INFORMATION PROVIDED |
Segment Open
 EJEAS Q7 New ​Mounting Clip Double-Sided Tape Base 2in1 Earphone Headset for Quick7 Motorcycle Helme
Segment Closed
Segment Open
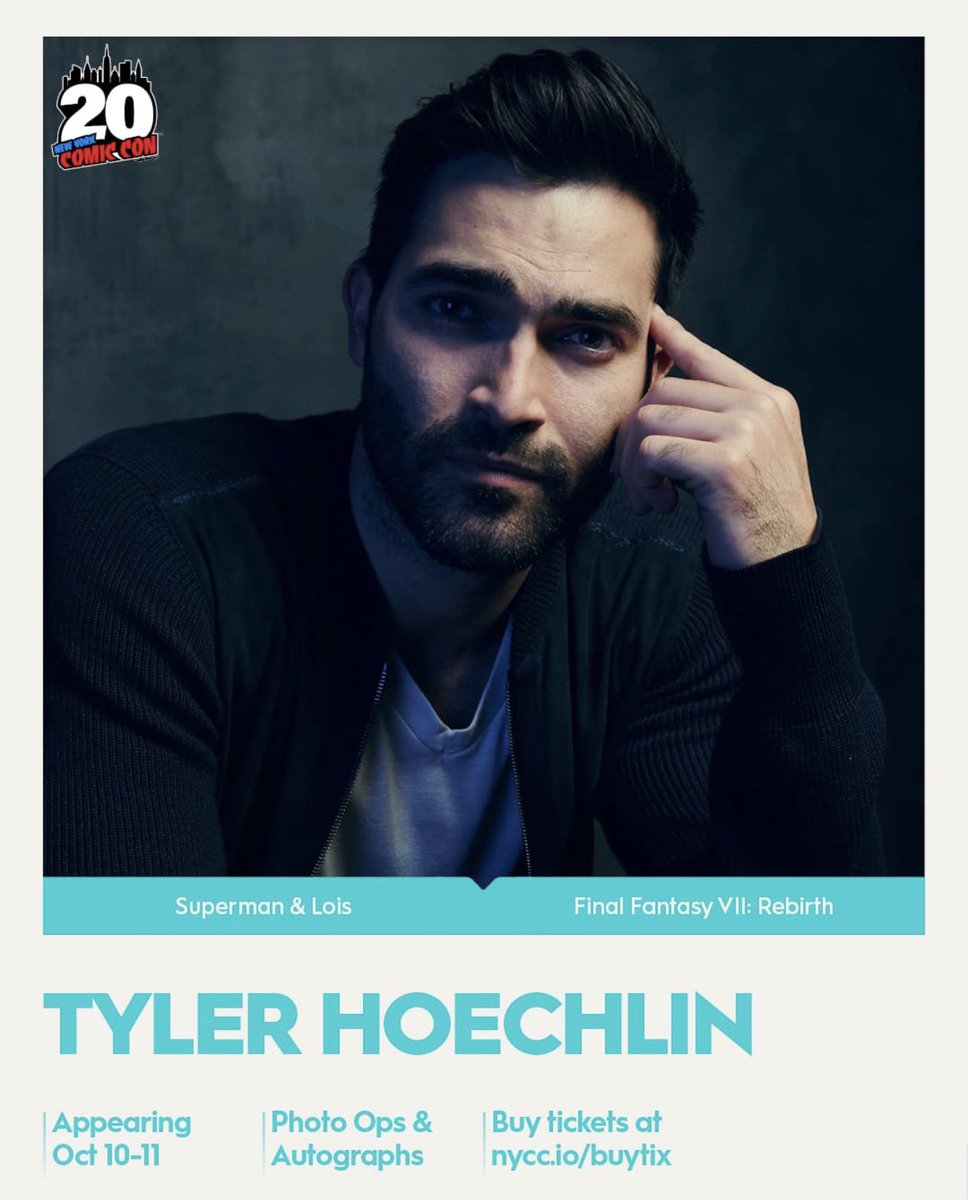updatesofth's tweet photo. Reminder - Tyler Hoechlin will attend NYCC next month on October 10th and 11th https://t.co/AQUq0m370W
Segment Closed
Segment Open
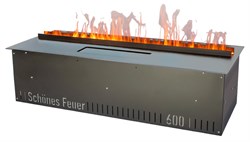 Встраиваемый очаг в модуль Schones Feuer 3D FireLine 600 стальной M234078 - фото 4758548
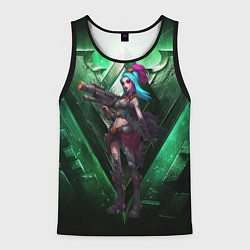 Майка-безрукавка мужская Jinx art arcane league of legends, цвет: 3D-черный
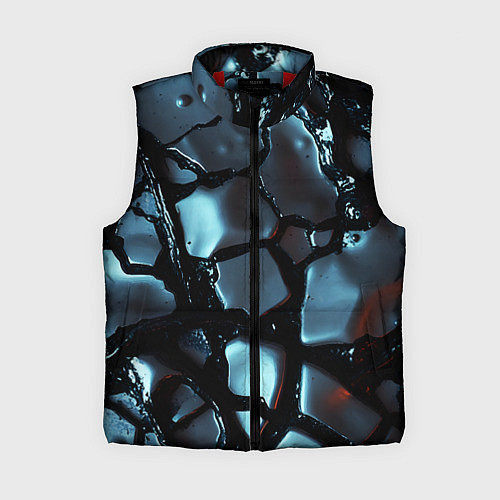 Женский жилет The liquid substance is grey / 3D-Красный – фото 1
Segment Closed
WORK REQUEST |
Your reply should hold nothing but the lines above, from the one containing "Майка-безрукавка мужская Jinx" to the one containing "Женский жилет The", reproduced exactly minus the pictures.

ANSWER TO THIS TASK |
 Майка-безрукавка мужская Jinx art arcane league of legends, цвет: 3D-черный
 Женский жилет The liquid substance is grey / 3D-Красный – фото 1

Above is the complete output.